Start of Block

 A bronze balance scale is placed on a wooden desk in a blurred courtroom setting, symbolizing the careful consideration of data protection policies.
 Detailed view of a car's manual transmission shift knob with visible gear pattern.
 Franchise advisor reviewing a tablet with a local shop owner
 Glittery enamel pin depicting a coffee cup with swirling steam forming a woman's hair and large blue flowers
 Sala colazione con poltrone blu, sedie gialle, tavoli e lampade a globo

End of Block
Start of Block

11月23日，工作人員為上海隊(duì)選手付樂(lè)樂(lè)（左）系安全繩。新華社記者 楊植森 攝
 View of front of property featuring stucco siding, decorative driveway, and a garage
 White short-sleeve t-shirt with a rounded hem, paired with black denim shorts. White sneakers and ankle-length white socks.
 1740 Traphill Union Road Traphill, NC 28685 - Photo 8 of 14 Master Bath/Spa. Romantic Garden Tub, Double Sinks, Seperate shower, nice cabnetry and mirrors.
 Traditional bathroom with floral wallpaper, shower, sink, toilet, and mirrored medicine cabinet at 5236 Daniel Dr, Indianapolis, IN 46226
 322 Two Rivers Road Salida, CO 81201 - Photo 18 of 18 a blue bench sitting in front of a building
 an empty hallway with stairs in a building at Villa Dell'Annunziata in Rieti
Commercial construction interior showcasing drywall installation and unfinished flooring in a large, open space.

End of Block

Exercise aim: Find the word "shower" in the entries, and copy every line it shows up in.

Solution to the problem:
 1740 Traphill Union Road Traphill, NC 28685 - Photo 8 of 14 Master Bath/Spa. Romantic Garden Tub, Double Sinks, Seperate shower, nice cabnetry and mirrors.
 Traditional bathroom with floral wallpaper, shower, sink, toilet, and mirrored medicine cabinet at 5236 Daniel Dr, Indianapolis, IN 46226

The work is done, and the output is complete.